**Problem to solve:**
The entries below contain pictures, which are to be left out; write out exactly, and only, the lines from the line with "North face vest" up to and including the line with "Behind-the-scenes cut of Felix (Stray Kids)".

**Data supplied:**
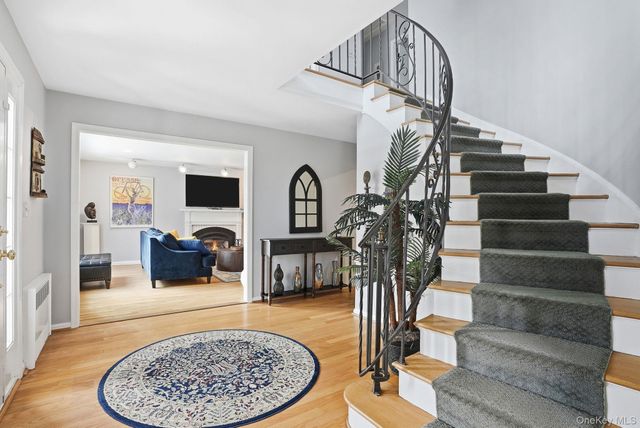 15 Beech Hill Road, Scarsdale, NY 10583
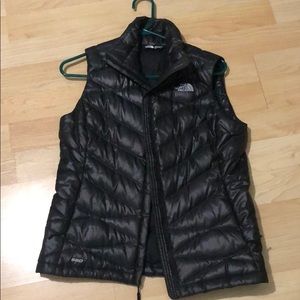 North face vest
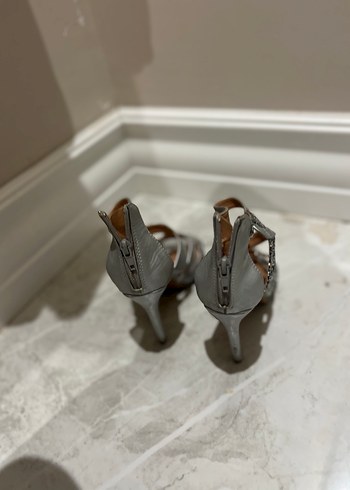 Gri Yılan Desenli Tokalı İnce Topuklu Kadın Ayakkabı - Görsel 3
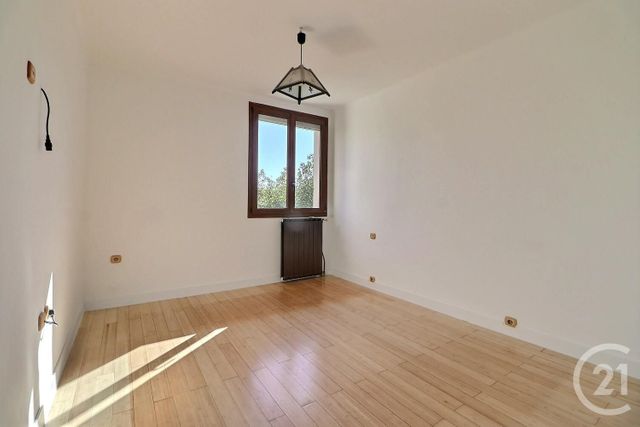 Appartement F2 à vendre - 2 pièces - 66.23 m2 - ST RAPHAEL - 83 - PROVENCE-ALPES-COTE-D-AZUR - Century 21 Sud Habitat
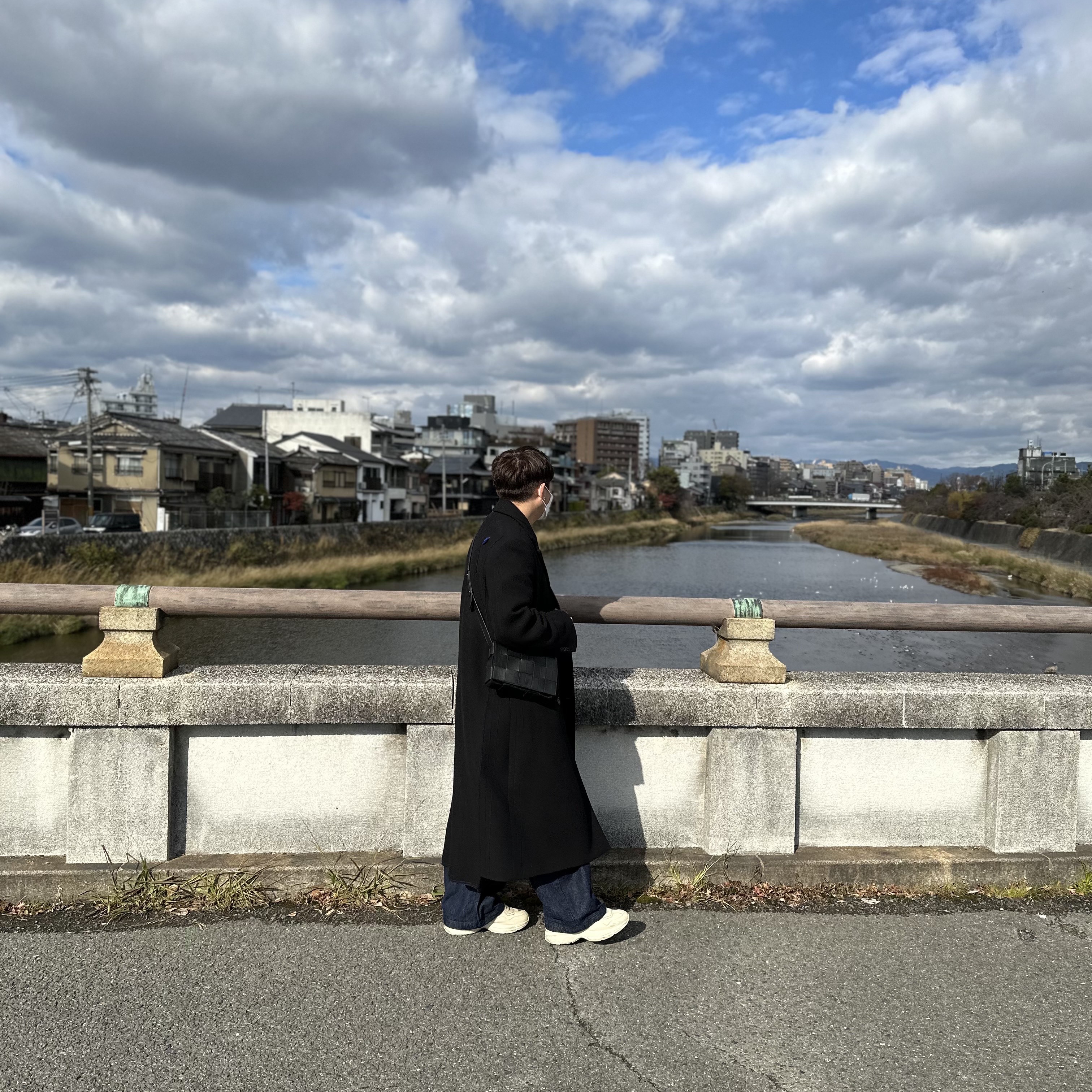 Zara x Ader Error Oversized Wool Coat Black, Bottega Veneta Lambskin Leather Cassette Black 착용 스타일 - 2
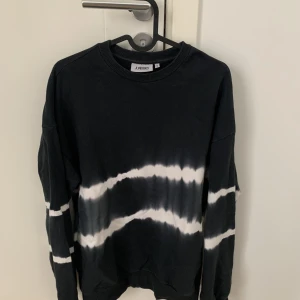 Junkyard Sweatshirt - Junkyard crewneck eller sweatshirt, säljs då jag inte använder den. Använd men i bra skick.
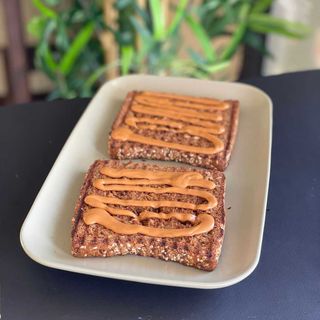 Torrada com Manteiga de Amendoim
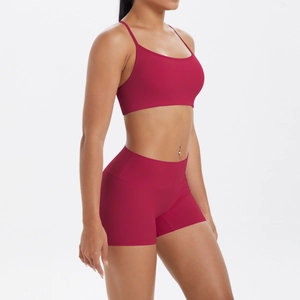 Gros plan d'un ensemble de sport rouge foncé sans couture avec short taille haute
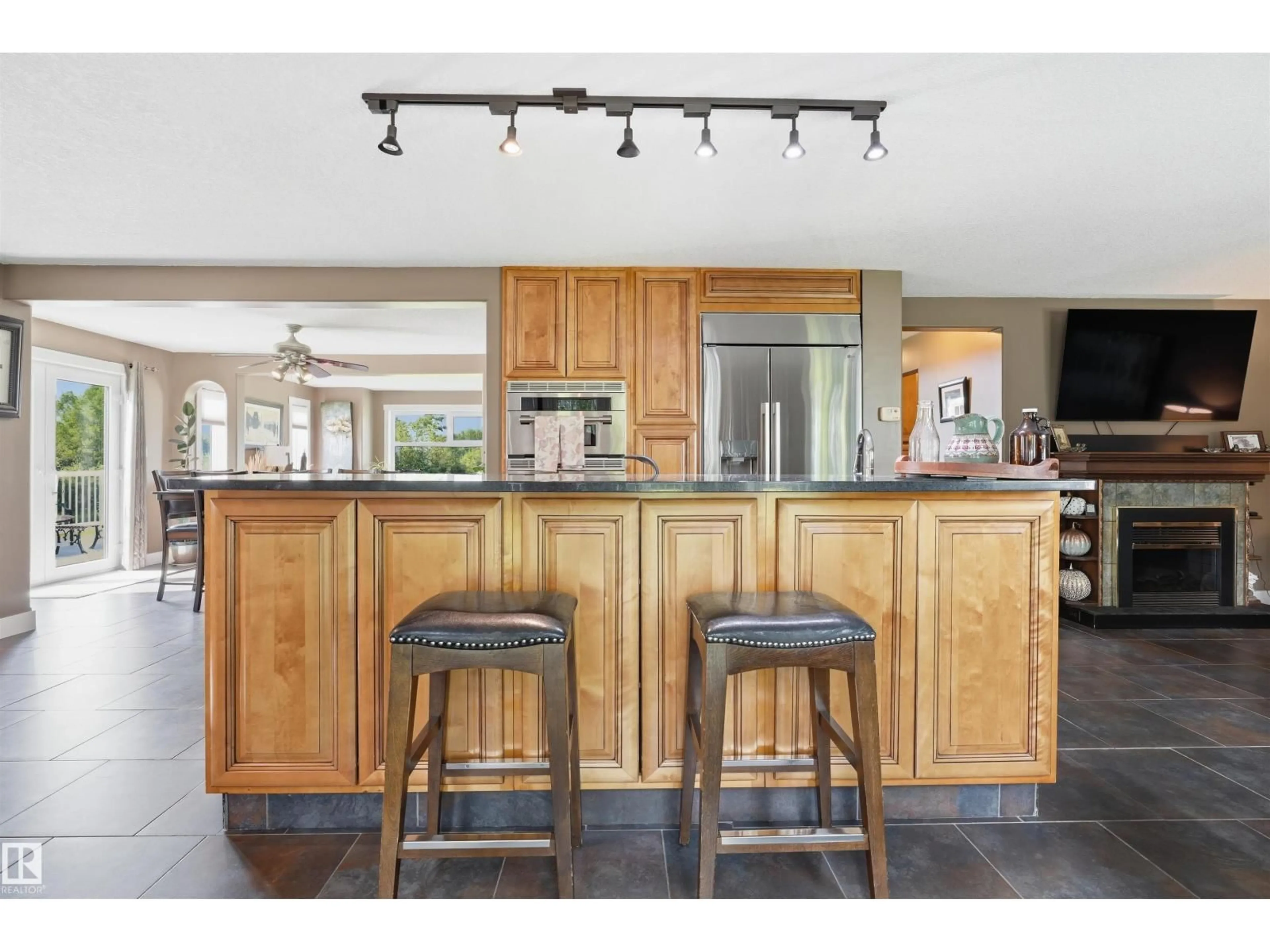 Open concept kitchen, unknown for 43 27507 TWP ROAD 544, Rural Sturgeon County Alberta T8R2B5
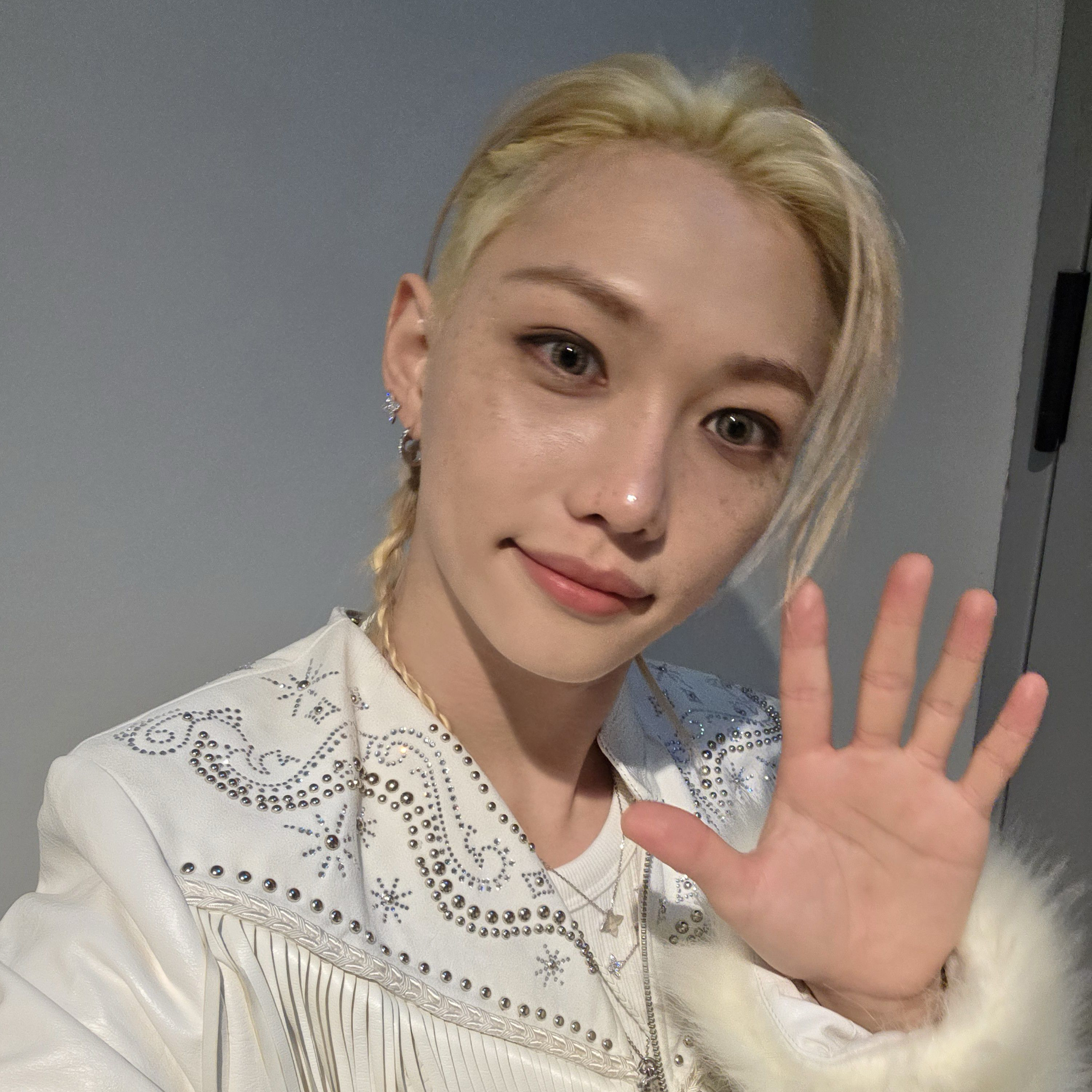 Behind-the-scenes cut of Felix (Stray Kids)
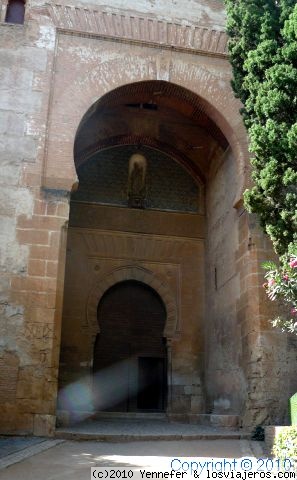 Puerta de la Justicia.- Granada
Puerta de la Justicia que da acceso a la Alhambra.-Según una leyenda, cuando la mano esculpida en la clave de su arco exterior toque la llave de su arco interior, o sea si la Alhambra cae, será porque ha llegado el fin del mundo
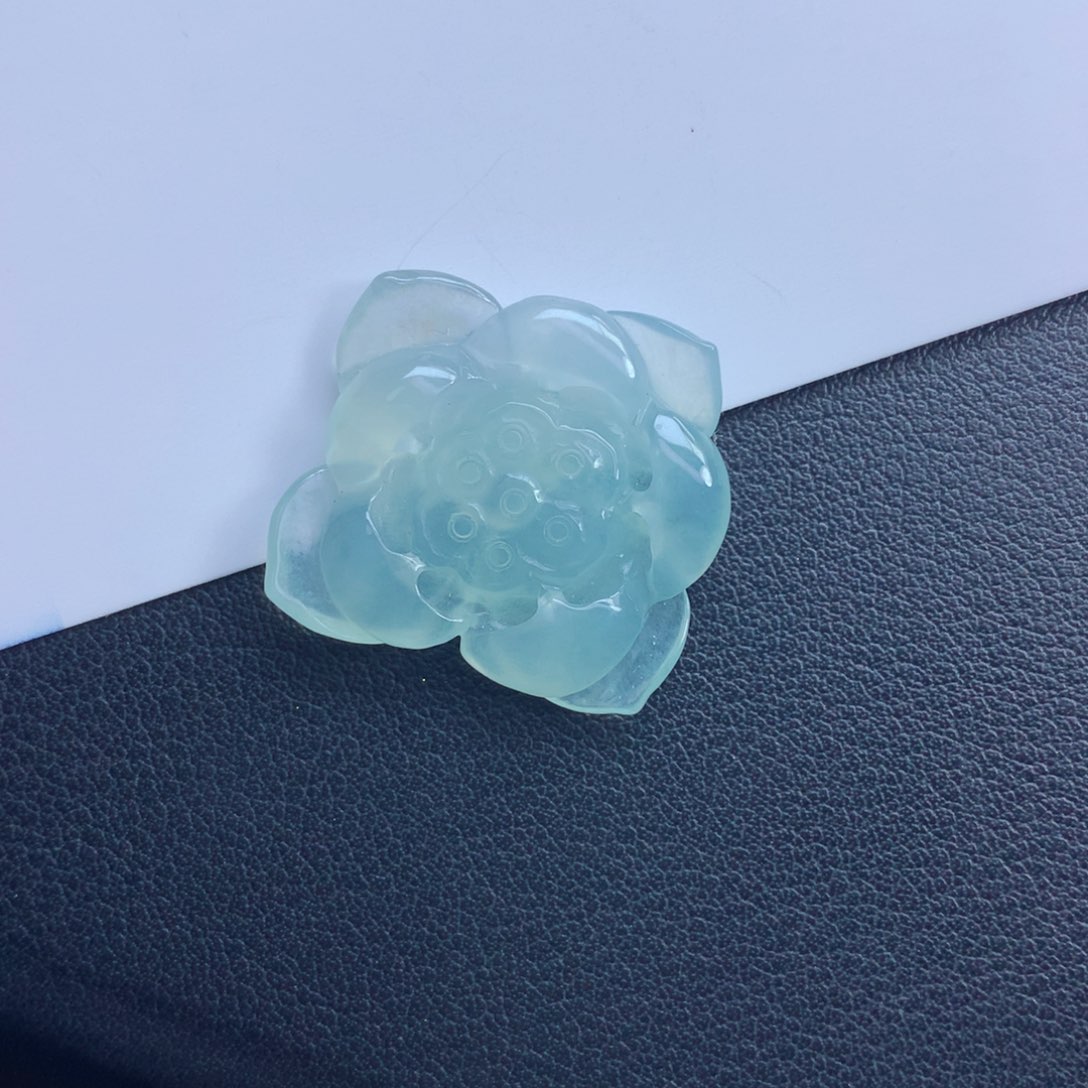 翡翠颈饰未镶嵌莲花
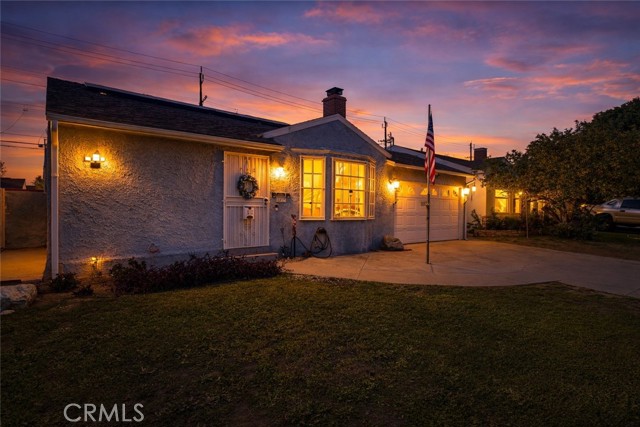 Detail Gallery Image 2 of 34 For 1817 N Hollywood, Burbank,  CA 91505 - 2 Beds | 1 Baths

**Response for this exercise:**
 North face vest
 Gri Yılan Desenli Tokalı İnce Topuklu Kadın Ayakkabı - Görsel 3
 Appartement F2 à vendre - 2 pièces - 66.23 m2 - ST RAPHAEL - 83 - PROVENCE-ALPES-COTE-D-AZUR - Century 21 Sud Habitat
 Zara x Ader Error Oversized Wool Coat Black, Bottega Veneta Lambskin Leather Cassette Black 착용 스타일 - 2
 Junkyard Sweatshirt - Junkyard crewneck eller sweatshirt, säljs då jag inte använder den. Använd men i bra skick.
 Torrada com Manteiga de Amendoim
 Gros plan d'un ensemble de sport rouge foncé sans couture avec short taille haute
 Open concept kitchen, unknown for 43 27507 TWP ROAD 544, Rural Sturgeon County Alberta T8R2B5
 Behind-the-scenes cut of Felix (Stray Kids)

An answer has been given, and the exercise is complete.